--- LISTED RECORDS ---
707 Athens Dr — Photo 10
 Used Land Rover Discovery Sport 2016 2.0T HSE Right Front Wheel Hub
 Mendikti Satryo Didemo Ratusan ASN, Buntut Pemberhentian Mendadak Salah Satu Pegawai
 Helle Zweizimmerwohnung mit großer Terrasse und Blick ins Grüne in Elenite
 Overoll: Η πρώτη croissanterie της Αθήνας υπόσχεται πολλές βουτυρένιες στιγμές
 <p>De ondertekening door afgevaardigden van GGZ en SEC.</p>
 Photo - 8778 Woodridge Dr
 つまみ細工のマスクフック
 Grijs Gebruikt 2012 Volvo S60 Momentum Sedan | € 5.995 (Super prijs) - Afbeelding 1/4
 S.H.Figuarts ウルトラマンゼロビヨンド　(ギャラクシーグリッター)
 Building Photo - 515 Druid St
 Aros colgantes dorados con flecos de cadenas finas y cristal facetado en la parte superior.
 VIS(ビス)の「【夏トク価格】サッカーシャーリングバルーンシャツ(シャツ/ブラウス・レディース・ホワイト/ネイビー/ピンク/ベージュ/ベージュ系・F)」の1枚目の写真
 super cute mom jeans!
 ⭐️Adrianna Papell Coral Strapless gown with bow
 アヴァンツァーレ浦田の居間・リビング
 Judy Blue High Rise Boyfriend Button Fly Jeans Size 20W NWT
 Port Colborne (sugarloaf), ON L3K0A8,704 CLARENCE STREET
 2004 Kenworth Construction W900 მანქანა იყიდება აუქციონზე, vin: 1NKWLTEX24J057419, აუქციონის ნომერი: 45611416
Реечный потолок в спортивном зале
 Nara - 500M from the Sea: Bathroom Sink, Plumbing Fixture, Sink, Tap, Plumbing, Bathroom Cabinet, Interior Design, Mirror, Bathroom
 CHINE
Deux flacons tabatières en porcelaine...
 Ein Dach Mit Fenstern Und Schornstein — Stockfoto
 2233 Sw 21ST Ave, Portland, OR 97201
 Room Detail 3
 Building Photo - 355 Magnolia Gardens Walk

--- PROBLEM DESCRIPTION ---
Please give back exactly the lines of the listing above that run from the one containing "<p>De ondertekening door" through the one containing "Building Photo - 515 Druid St", and only those.

--- RESULT BELOW ---
 <p>De ondertekening door afgevaardigden van GGZ en SEC.</p>
 Photo - 8778 Woodridge Dr
 つまみ細工のマスクフック
 Grijs Gebruikt 2012 Volvo S60 Momentum Sedan | € 5.995 (Super prijs) - Afbeelding 1/4
 S.H.Figuarts ウルトラマンゼロビヨンド　(ギャラクシーグリッター)
 Building Photo - 515 Druid St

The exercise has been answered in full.